◆ **Task statement**: Below is a listing to write out in full, exactly as given, without its pictures.
_ _ _ _ _
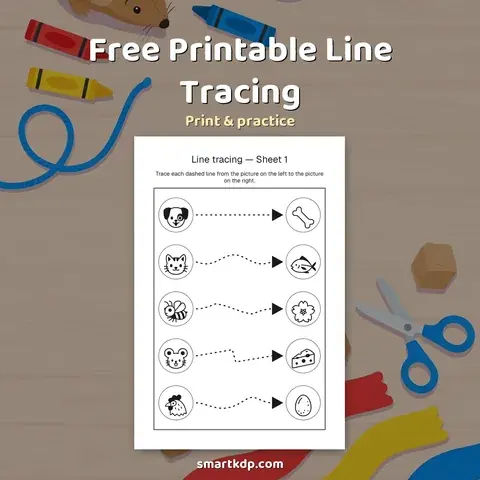 Free printable Line Tracing preview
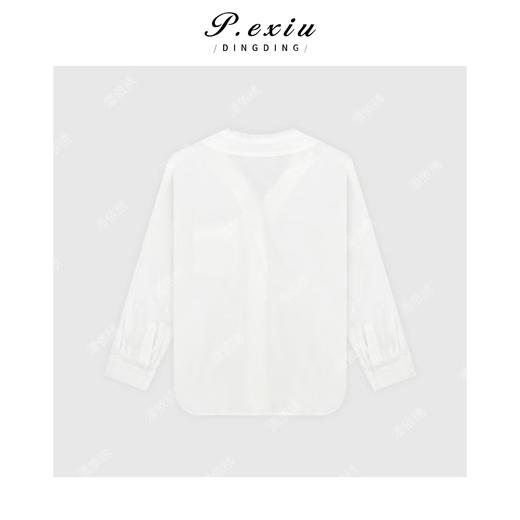 简约时髦毛边设计V领长袖衬衫Q5441 商品图1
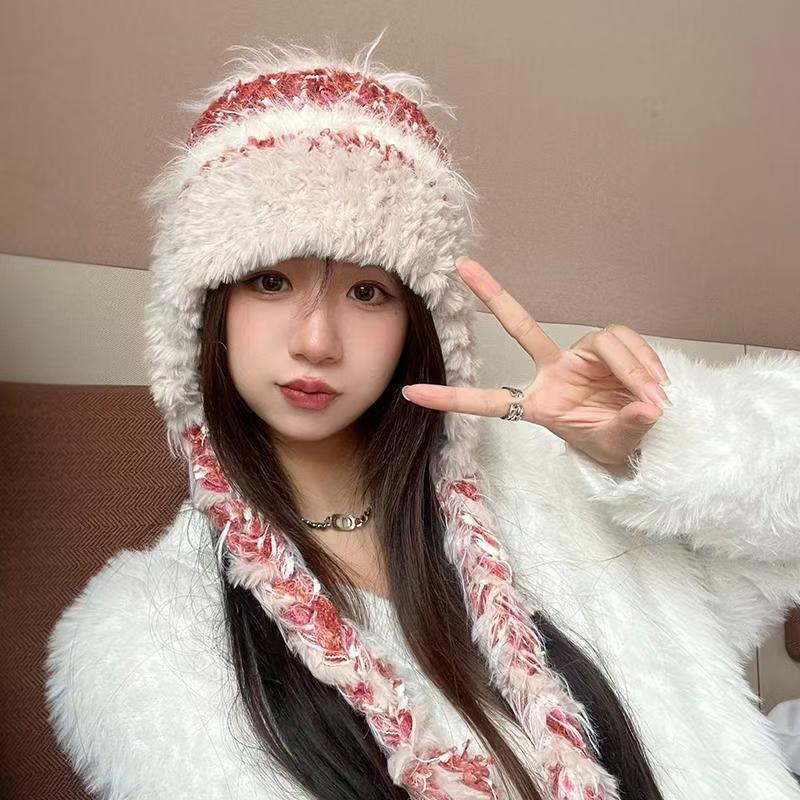 新款民族风条纹拼接针织毛线帽秋冬女加厚保暖防寒护耳套头雷锋帽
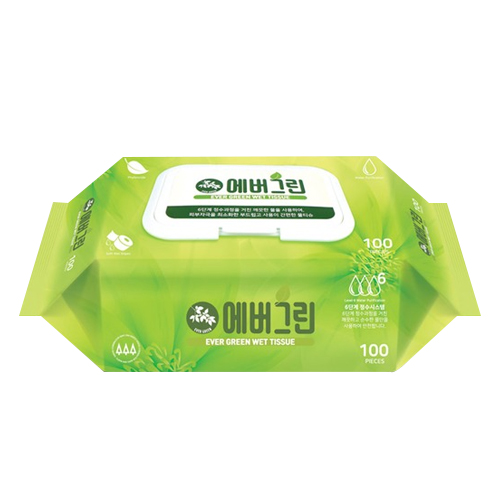  장원 에버그린 물티슈 캡형 100매 [24팩]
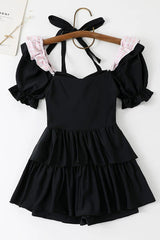 Black/Pink Square Collar Short Sleeves Ruffled Bow Sweet Lolita One-Piece Swimsuit - Product - 3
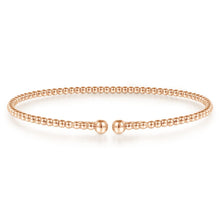 Load image into Gallery viewer, 14K Rose Gold Beaded Bujukan Bangle, Sz 6.25
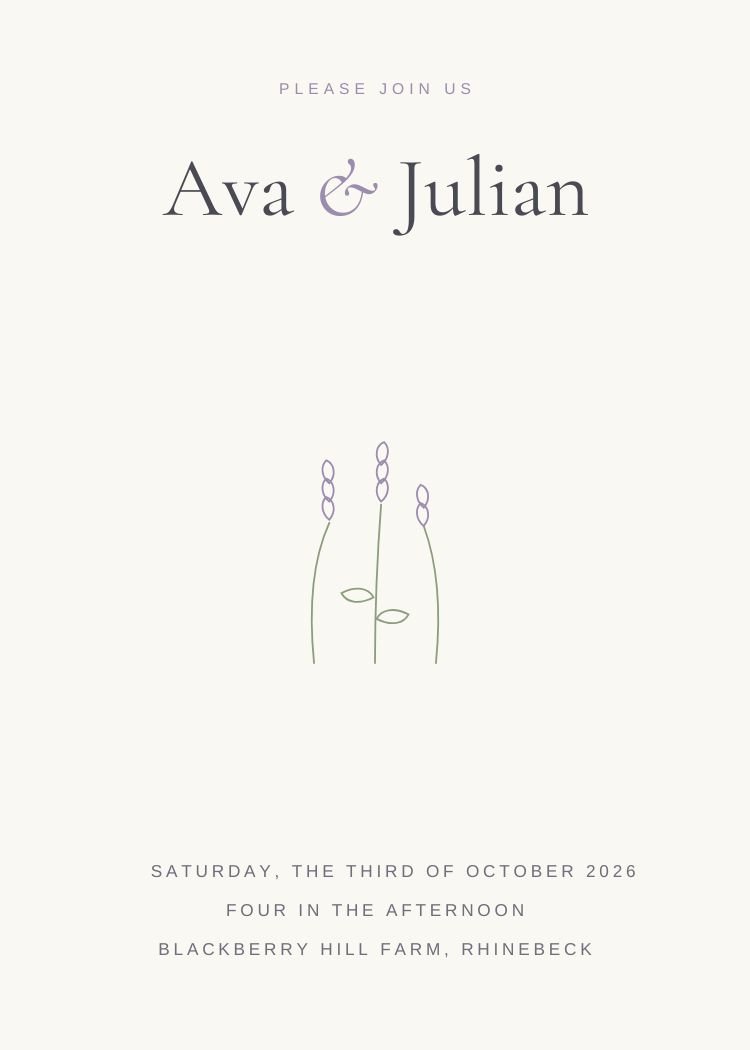 Lavender and Sage — botanical lavender wedding invitation template, editable in Canva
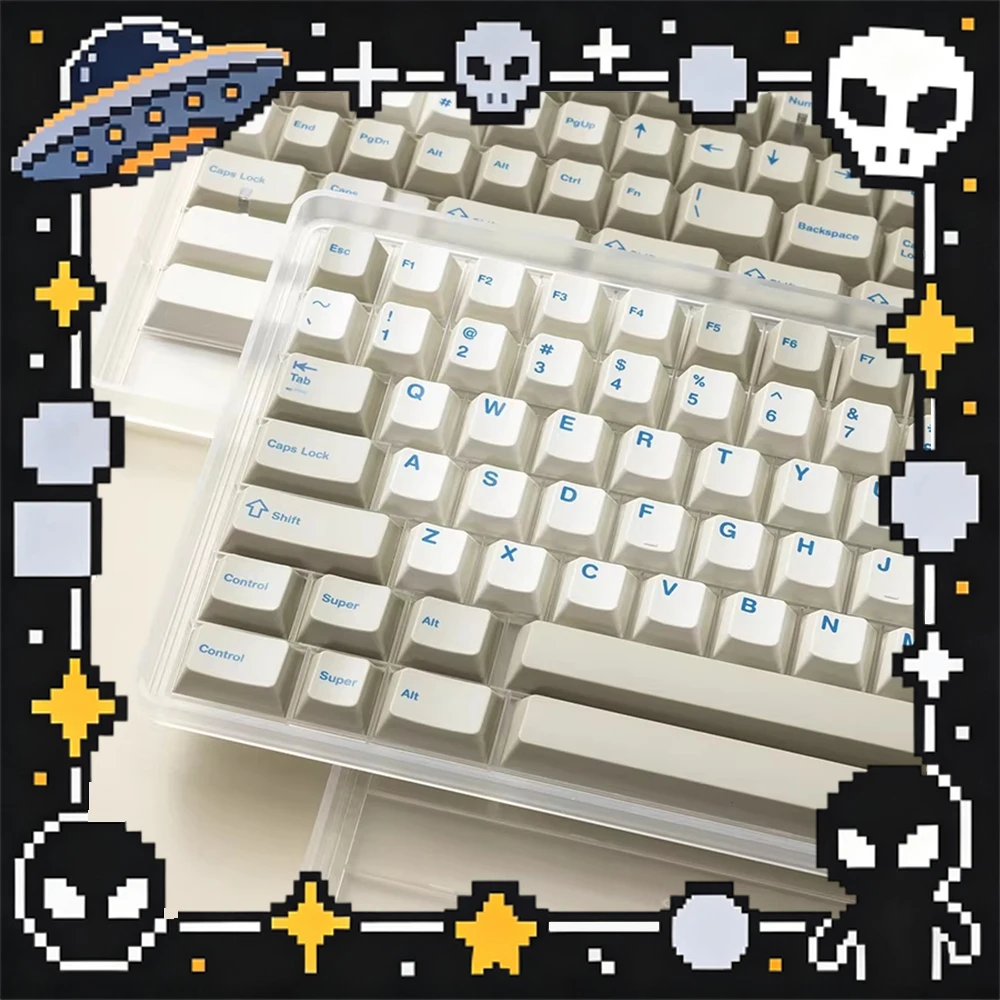 

PBTfans View PC Keycaps Thermal Sublimation Pbt Material Keyboard Keycaps Beige Original Factory Height For PC Accessories Gifts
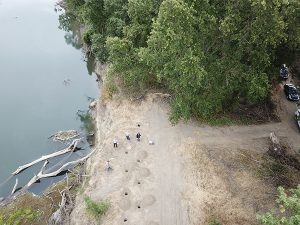 Overhead view of High Sierra Electronics' REMS Levee Erosion Detection System on Sacramento River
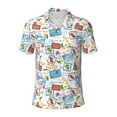 thumbnail image 1 of Wukai Summer Stamp Men’s Polo Shirts,Quick-Dry Athletic Shirt,Classic Fit Shirts-, 1 of 8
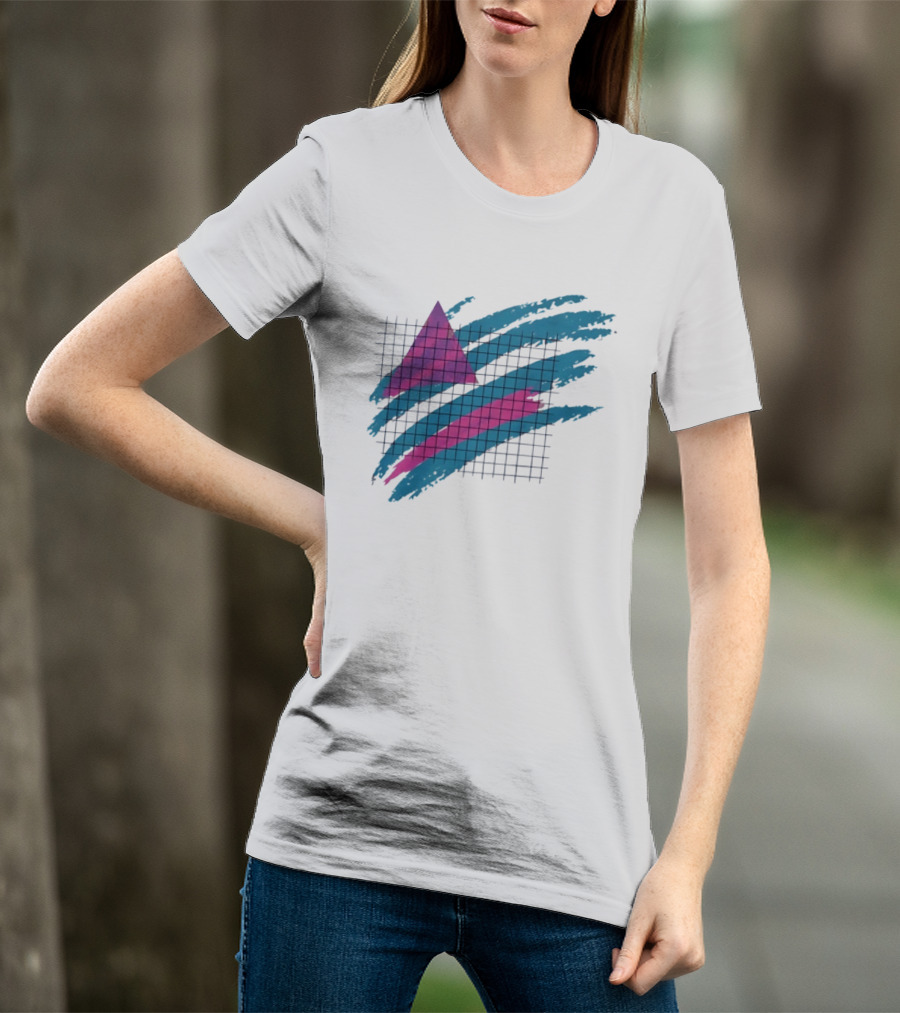 90s Neon Geometric Triangle Grid Retro Aesthetic T-Shirt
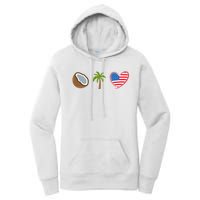 Coconut Tree Meme Patriotic Kamala Statement Usa Democrat Women's Pullover Hoodie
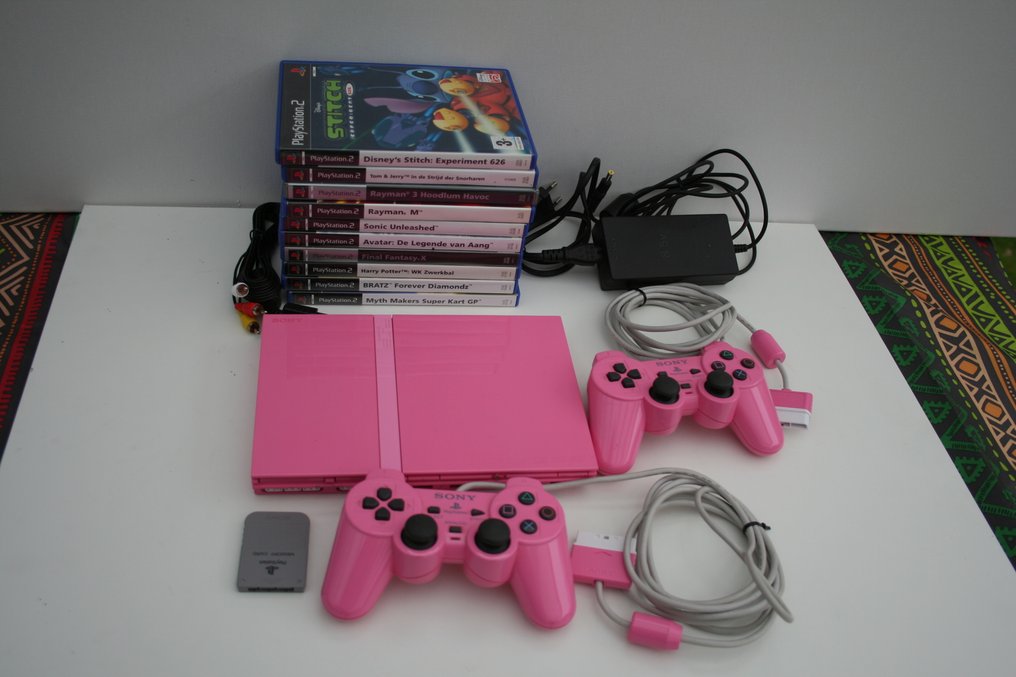 Pink PlayStation 2 Slim Limited Edition Console with 10 -
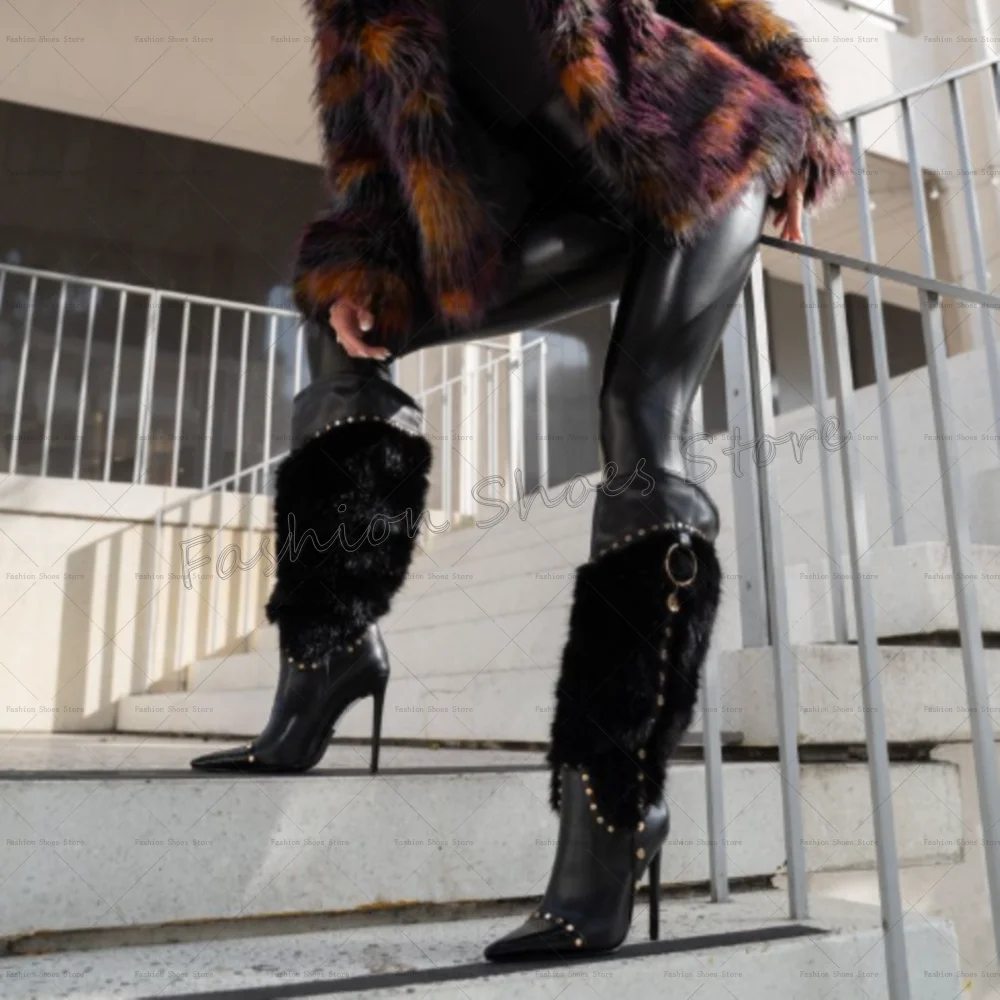 

Black Pointed Toe Fur Decor Boots Matte Leather Women Shoes Stilettos High Heels Party Banquet Dating 2025 Zapatos Para Mujere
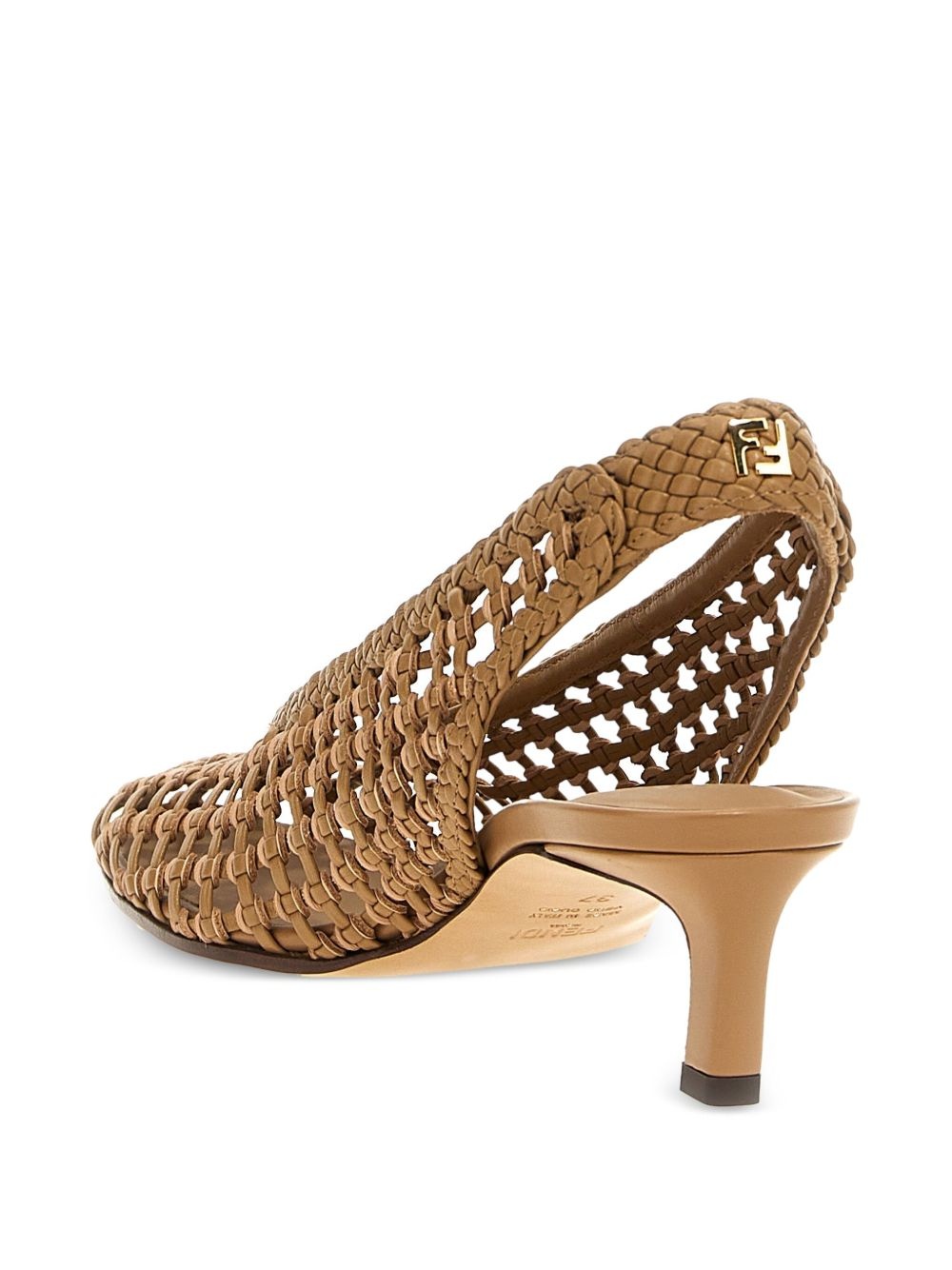 46mm woven slingback pumps - 3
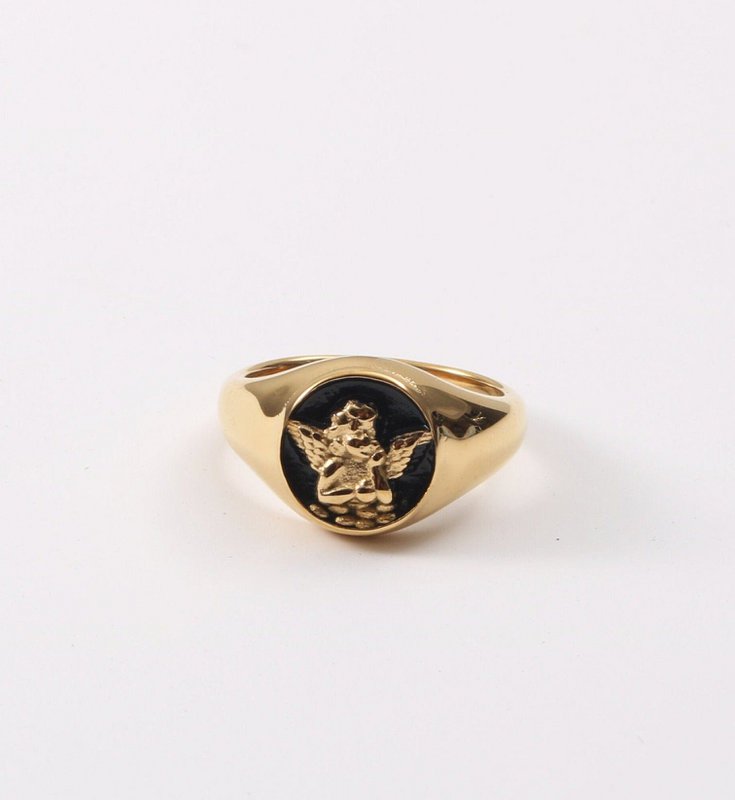 Kiki - Carved Angel Baby Black Enamel Signet Ring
_ _ _ _ _
◆ **Reply**:
 Free printable Line Tracing preview
 简约时髦毛边设计V领长袖衬衫Q5441 商品图1
 新款民族风条纹拼接针织毛线帽秋冬女加厚保暖防寒护耳套头雷锋帽
  장원 에버그린 물티슈 캡형 100매 [24팩]
 Black/Pink Square Collar Short Sleeves Ruffled Bow Sweet Lolita One-Piece Swimsuit - Product - 3
 Load image into Gallery viewer, 14K Rose Gold Beaded Bujukan Bangle, Sz 6.25
 Lavender and Sage — botanical lavender wedding invitation template, editable in Canva

PBTfans View PC Keycaps Thermal Sublimation Pbt Material Keyboard Keycaps Beige Original Factory Height For PC Accessories Gifts
 Overhead view of High Sierra Electronics' REMS Levee Erosion Detection System on Sacramento River
 thumbnail image 1 of Wukai Summer Stamp Men’s Polo Shirts,Quick-Dry Athletic Shirt,Classic Fit Shirts-, 1 of 8
 90s Neon Geometric Triangle Grid Retro Aesthetic T-Shirt
 Coconut Tree Meme Patriotic Kamala Statement Usa Democrat Women's Pullover Hoodie
 Pink PlayStation 2 Slim Limited Edition Console with 10 -

Black Pointed Toe Fur Decor Boots Matte Leather Women Shoes Stilettos High Heels Party Banquet Dating 2025 Zapatos Para Mujere
 46mm woven slingback pumps - 3
 Kiki - Carved Angel Baby Black Enamel Signet Ring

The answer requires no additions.